Spring blooms, gone,
scattered soil on the steps,
holes big as my fist
a hail of empty walnut shells

scattered. Soil on the steps
near thin-fingered roots, torn;
a hail of empty walnut shells—
something no longer buried

near thin-fingered roots. Torn,
my hands twist and clutch;
something is no longer buried
in this broken pot that

my hands twist and clutch. 
Time and earth were found
in this broken pot—that’s
nothing, really—

time unearthed; found
holes big as my fist;
nothing, really—
spring blooms, gone.

              ------Sara Lewis Holmes (all rights reserved) 

My poetry sister's pantoums can be found here:


Poetry Friday is hosted today by our own Tricia at The Miss Rumphius Effect.


  1. Enjambment for the WIN!
    I've quit trying with potted plants on the porch, but hardly anything stops the dratted diggers from rearranging plants and bulbs in the front bed. THE front bed, because it's clearly not MY front bed and I refuse to cede it completely over to the squirrels!!

  2. Oh, those squirrels! This is lovely, Sara -- I love "nothing, really" as a line -- so much there and so little....

  3. The form fits the frustration, Sara. I battle squirrels in my flower pots, too. And they often win.

  4. I'm going to have to try to use more frustrated sentiments in a pantoum sometime. The repetition lends itself to increasing frustration, and I really like how your shorter lines really bristle and build upon themselves.

  5. The bookending of this poem with "spring blooms gone" is almost heartbreaking. Like Mary Lee, I love the enjambment. Those darn squirrels!

  6. I really love "thin-fingered roots." But also THOSE DARN SQUIRRELS! They vex me every year.

  7. Well done! I love all the hand imagery--I can cumulatively see a fist shaking in the air at those squirrels. And the alterations in punctuation for meaning are so clever.

  8. The 'twist and clutch", the frustration throughout your poem, Sara. Argh, those dratted animals! I, too, love how you worked the enjambment. It's so tricky but you did it so well! I have found I cannot leave my windows open when I leave my home. They will come right in!

  9. Oh, I so love the before picture, Sara. It makes your poem all the better.

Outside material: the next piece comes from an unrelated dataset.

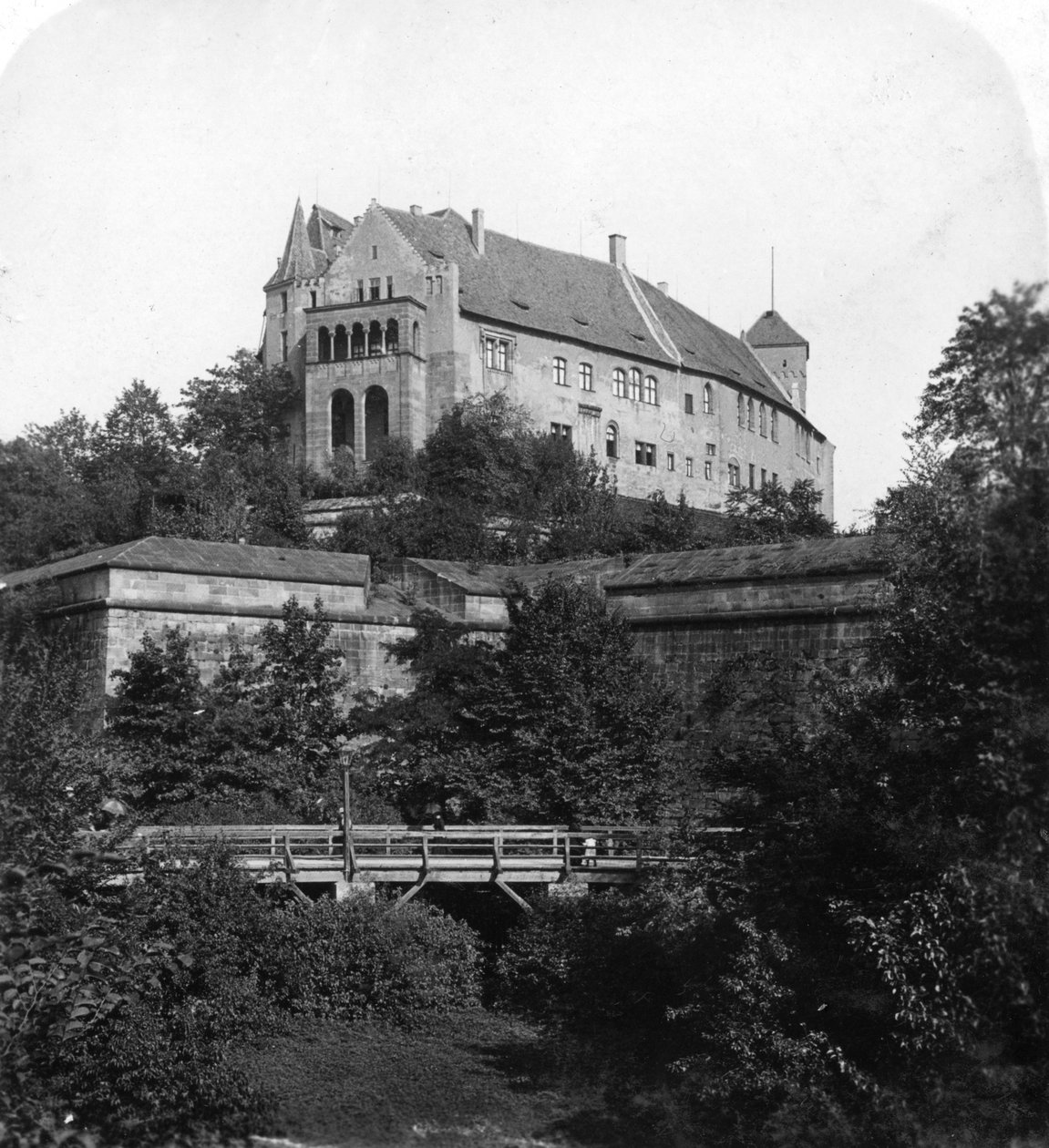 Norimberský hrad, Norimberk, Německo, c1900. od Wurthle and Sons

I love the acceptance that these lines project.
    "Time and earth were found
    in this broken pot—that’s
    nothing, really—"
    These lines in your poem reminded me of Ada Limon's "Give Me This" where she resigned to a groundhog eating her green tomatoes.

  10. Love how you play with punctuation to create unique lines. Thank you for this.

  11. Sara, I do like the unrhymed format of yours and the way your weaved the words and changed thoughts to fit your ideas, such as "near thin-fingered roots. Torn." This and the enjambment made for a lovely sprint pantoum. It isn't the squirrels that dig up my flowers. The deers and rabbits like to feed on my flowers.

  12. Beautifully crafted, Sara--quite far from the traditional pantoum and somehow extra effective as a result!

  13. Oooh, I love your masterful enjambment, Sara, and how you managed to change phrasings and meanings with punctuation. Those "thin-fingered roots" are lovely.